Baker Cottage Orphanage
Baker Cottage “The Mission” INTRODUCTION:
The Untold Story of the Fourth Mission in Ouzinkie
Notes and Acknowledgements: This is the previously untold story of the fourth mission, told now (mostly) through photos of the people and activities of Baker Cottage during its twenty years as an orphanage. I am indebted to Pearl Rold and Jean O. Lund for their scrapbooks from the 1940s, which were found in the collection of Rev. Norman Smith, my father, when he passed away in 1996. I am also indebted to the late Beryl (Butler) Torsen, a close friend of our family, who was a house parent in Ouzinkie during the 1940s, and shared some fascinating stories with me. For an account of our visits to Baker Cottage during the 1950s, please see the article: The Evangel Visits Ouzinkie in the 1950s. For a list of articles involving Baker Cottage in the 1960s (when I was living there), return to the Ouzinkie Index page. Any assistance in identifying unknown persons in the photographs is greatly appreciated! --Timothy Smith, web author, March, 2008
Baker Cottage as it looked from 1938 to 1952, without the chapel addition and framed-in back porch. (Photos circa 1947) Baker joined Ayer, McWhinnie and Doane cottages in Kodiak as the fourth home of the Kodiak Baptist Mission. The buildings were built and occupied in 1938 after fire destroyed the main building on Woody Island, where the orphanage had been since 1893.

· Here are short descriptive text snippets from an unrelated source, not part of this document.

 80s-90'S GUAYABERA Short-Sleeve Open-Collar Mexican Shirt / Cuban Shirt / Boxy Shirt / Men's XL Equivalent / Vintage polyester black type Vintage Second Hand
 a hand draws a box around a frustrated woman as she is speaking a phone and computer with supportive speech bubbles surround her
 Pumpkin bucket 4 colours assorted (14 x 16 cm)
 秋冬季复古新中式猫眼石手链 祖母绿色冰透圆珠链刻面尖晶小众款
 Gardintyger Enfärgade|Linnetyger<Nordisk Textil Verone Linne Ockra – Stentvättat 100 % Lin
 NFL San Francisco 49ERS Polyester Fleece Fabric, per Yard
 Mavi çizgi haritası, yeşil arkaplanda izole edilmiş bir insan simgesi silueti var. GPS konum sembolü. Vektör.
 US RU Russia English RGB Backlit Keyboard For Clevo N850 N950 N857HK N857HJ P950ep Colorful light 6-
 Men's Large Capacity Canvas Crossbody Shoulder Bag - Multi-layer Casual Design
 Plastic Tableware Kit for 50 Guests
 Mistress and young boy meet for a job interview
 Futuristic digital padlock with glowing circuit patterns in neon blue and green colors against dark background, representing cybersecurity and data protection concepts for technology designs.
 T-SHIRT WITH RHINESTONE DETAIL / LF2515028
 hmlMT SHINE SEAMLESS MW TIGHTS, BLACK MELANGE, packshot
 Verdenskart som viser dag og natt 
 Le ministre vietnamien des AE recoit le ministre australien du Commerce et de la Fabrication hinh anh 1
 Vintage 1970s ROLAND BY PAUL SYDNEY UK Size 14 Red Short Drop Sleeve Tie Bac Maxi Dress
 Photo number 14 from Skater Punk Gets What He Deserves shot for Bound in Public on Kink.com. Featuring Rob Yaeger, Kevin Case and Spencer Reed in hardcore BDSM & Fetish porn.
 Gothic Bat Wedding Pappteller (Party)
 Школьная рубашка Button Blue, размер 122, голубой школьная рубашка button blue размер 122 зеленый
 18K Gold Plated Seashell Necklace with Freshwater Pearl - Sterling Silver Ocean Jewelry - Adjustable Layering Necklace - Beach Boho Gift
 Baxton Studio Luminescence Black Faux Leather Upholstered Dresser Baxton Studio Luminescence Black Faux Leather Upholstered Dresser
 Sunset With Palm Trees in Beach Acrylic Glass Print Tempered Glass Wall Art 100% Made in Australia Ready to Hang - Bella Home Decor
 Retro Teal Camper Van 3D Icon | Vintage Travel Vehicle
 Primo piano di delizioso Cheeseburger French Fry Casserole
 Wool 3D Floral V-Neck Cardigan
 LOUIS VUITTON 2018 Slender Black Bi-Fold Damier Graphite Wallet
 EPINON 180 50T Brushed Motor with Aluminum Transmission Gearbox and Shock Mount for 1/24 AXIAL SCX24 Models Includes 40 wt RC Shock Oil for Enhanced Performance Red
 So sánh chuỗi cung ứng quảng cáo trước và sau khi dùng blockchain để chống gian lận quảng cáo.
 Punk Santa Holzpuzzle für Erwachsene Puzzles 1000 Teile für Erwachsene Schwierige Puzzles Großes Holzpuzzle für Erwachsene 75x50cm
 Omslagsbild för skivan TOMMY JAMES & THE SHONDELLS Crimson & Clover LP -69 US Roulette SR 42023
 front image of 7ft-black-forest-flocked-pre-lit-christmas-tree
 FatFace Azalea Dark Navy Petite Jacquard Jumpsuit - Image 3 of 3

Baker Cottage’s namesake: Abby Gunn Baker, an American Baptist philanthropist and Missions supporter, from a frame that hung in Rev. Norman Smith’s office for many years
The letterhead of KBM from the 1940s lists “Baker Cottage at Ouzinkie” first. Baker Cottage was originally supposed to be the first children’s home built in the villages, to be followed by many others, but Baker was the only one ever built beyond the three in Kodiak.
The Fourth Mission: Baker Cottage, the Orphanage (1938-1958)
When the Mission was built in Ouzinkie in 1938, it was part of the new group of Baptist orphanages constructed after the main building on Woody Island burned down. Three cottages were constructed in Kodiak, and Baker Cottage was built in Ouzinkie, two hours away by fishing boat. There were plans for several more orphanages around Kodiak Island, but Baker Cottage ended up as the only village orphanage. When World War II hit, Baker Cottage had an important role. Since the buildings in Kodiak were close to several military targets, it was decided that only older kids would be housed there. A bomb shelter had been built in the forest behind the Kodiak Mission buildings, and the older kids practiced evacuating to the shelter regularly during the war. But Baker Cottage in Ouzinkie housed all the little kids, because it was in a village that had no military targets nearby. Even though Ouzinkie was considerably more remote then than it is now, it was still considered safer for the little ones during wartime.
Little ones such as Lue Rae, Robin and Judy made up most of the Mission family in Ouzinkie during World War II.
Here Lue Rae and Robin enjoy sledding, down the hill from the Mission, near Fred Muller’s house.
In the postwar years, the orphanage in Ouzinkie housed a more diverse group of children. One of the house parents was Beryl Butler, who married a young Ouzinkie man named Bill Torsen. Beryl Torsen passed away in 2007, one of my earliest and dearest mentors. She once told me about their courtship back in the late 1940’s. They were her stories to tell, not mine, so I won’t share them here. Suffice it to say that humble Baker Cottage harbors a few sweet, romantic tales. Among other well-remembered house parents who served at the orphanage were Mary Setzekorn (Miss Setze) and Mildred Crowell. Most of the photos in this section were taken and developed by Pearl Rold, a house parent that put together a simple darkroom in the basement (which I later practically lived in while a young teenager). When the chapel extension was built off the basement in 1952, my father, Rev. Norman Smith, preached the dedication service, never dreaming that Ouzinkie would soon be their last home, and that the chapel would one day be the site of both his and his wife’s memorial services.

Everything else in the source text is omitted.